Records supplied
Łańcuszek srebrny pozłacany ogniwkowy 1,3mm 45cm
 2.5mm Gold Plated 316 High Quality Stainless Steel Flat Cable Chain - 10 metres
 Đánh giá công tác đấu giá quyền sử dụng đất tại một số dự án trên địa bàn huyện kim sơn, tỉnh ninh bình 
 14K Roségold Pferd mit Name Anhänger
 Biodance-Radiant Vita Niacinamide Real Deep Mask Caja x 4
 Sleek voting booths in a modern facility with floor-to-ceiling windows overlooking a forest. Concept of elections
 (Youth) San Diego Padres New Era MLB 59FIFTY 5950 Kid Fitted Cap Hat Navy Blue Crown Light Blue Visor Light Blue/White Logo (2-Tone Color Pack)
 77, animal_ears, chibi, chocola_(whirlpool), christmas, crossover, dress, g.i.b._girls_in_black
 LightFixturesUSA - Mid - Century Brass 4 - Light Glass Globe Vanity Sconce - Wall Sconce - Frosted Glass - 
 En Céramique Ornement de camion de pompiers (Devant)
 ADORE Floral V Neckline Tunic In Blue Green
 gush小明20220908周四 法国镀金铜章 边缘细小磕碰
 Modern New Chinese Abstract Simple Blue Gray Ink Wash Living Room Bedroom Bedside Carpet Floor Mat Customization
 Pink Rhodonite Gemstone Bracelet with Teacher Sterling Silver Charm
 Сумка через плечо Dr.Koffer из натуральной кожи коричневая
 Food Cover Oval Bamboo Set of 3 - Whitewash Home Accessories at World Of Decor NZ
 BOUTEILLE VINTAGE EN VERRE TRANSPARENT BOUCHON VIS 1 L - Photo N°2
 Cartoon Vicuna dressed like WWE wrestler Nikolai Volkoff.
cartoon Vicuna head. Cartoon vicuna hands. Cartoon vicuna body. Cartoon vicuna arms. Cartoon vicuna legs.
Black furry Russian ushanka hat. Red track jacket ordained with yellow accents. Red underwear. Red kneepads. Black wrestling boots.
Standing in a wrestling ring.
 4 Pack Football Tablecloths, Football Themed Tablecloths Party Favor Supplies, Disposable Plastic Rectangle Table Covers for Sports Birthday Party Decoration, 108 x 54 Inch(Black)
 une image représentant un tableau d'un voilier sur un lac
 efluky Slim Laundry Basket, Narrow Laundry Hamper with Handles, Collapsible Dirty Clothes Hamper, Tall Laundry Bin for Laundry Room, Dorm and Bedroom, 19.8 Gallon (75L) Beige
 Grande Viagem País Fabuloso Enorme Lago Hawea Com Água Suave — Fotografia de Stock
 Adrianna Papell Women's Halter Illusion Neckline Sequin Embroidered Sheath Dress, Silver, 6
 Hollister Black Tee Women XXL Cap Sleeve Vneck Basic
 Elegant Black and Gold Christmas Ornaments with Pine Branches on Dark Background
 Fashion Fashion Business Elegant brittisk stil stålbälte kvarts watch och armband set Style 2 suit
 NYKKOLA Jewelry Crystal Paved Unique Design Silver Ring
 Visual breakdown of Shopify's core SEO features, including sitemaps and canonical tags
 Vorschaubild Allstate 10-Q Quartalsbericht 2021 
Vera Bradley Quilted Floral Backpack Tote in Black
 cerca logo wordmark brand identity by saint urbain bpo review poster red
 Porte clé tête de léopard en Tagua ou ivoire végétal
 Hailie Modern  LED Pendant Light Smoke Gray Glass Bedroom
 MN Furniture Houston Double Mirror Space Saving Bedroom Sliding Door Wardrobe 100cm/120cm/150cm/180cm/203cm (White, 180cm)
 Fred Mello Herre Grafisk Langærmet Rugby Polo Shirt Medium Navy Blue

Work order
Copy all the records above exactly, missing none.

Reply
Łańcuszek srebrny pozłacany ogniwkowy 1,3mm 45cm
 2.5mm Gold Plated 316 High Quality Stainless Steel Flat Cable Chain - 10 metres
 Đánh giá công tác đấu giá quyền sử dụng đất tại một số dự án trên địa bàn huyện kim sơn, tỉnh ninh bình 
 14K Roségold Pferd mit Name Anhänger
 Biodance-Radiant Vita Niacinamide Real Deep Mask Caja x 4
 Sleek voting booths in a modern facility with floor-to-ceiling windows overlooking a forest. Concept of elections
 (Youth) San Diego Padres New Era MLB 59FIFTY 5950 Kid Fitted Cap Hat Navy Blue Crown Light Blue Visor Light Blue/White Logo (2-Tone Color Pack)
 77, animal_ears, chibi, chocola_(whirlpool), christmas, crossover, dress, g.i.b._girls_in_black
 LightFixturesUSA - Mid - Century Brass 4 - Light Glass Globe Vanity Sconce - Wall Sconce - Frosted Glass - 
 En Céramique Ornement de camion de pompiers (Devant)
 ADORE Floral V Neckline Tunic In Blue Green
 gush小明20220908周四 法国镀金铜章 边缘细小磕碰
 Modern New Chinese Abstract Simple Blue Gray Ink Wash Living Room Bedroom Bedside Carpet Floor Mat Customization
 Pink Rhodonite Gemstone Bracelet with Teacher Sterling Silver Charm
 Сумка через плечо Dr.Koffer из натуральной кожи коричневая
 Food Cover Oval Bamboo Set of 3 - Whitewash Home Accessories at World Of Decor NZ
 BOUTEILLE VINTAGE EN VERRE TRANSPARENT BOUCHON VIS 1 L - Photo N°2
 Cartoon Vicuna dressed like WWE wrestler Nikolai Volkoff.
cartoon Vicuna head. Cartoon vicuna hands. Cartoon vicuna body. Cartoon vicuna arms. Cartoon vicuna legs.
Black furry Russian ushanka hat. Red track jacket ordained with yellow accents. Red underwear. Red kneepads. Black wrestling boots.
Standing in a wrestling ring.
 4 Pack Football Tablecloths, Football Themed Tablecloths Party Favor Supplies, Disposable Plastic Rectangle Table Covers for Sports Birthday Party Decoration, 108 x 54 Inch(Black)
 une image représentant un tableau d'un voilier sur un lac
 efluky Slim Laundry Basket, Narrow Laundry Hamper with Handles, Collapsible Dirty Clothes Hamper, Tall Laundry Bin for Laundry Room, Dorm and Bedroom, 19.8 Gallon (75L) Beige
 Grande Viagem País Fabuloso Enorme Lago Hawea Com Água Suave — Fotografia de Stock
 Adrianna Papell Women's Halter Illusion Neckline Sequin Embroidered Sheath Dress, Silver, 6
 Hollister Black Tee Women XXL Cap Sleeve Vneck Basic
 Elegant Black and Gold Christmas Ornaments with Pine Branches on Dark Background
 Fashion Fashion Business Elegant brittisk stil stålbälte kvarts watch och armband set Style 2 suit
 NYKKOLA Jewelry Crystal Paved Unique Design Silver Ring
 Visual breakdown of Shopify's core SEO features, including sitemaps and canonical tags
 Vorschaubild Allstate 10-Q Quartalsbericht 2021 
Vera Bradley Quilted Floral Backpack Tote in Black
 cerca logo wordmark brand identity by saint urbain bpo review poster red
 Porte clé tête de léopard en Tagua ou ivoire végétal
 Hailie Modern  LED Pendant Light Smoke Gray Glass Bedroom
 MN Furniture Houston Double Mirror Space Saving Bedroom Sliding Door Wardrobe 100cm/120cm/150cm/180cm/203cm (White, 180cm)
 Fred Mello Herre Grafisk Langærmet Rugby Polo Shirt Medium Navy Blue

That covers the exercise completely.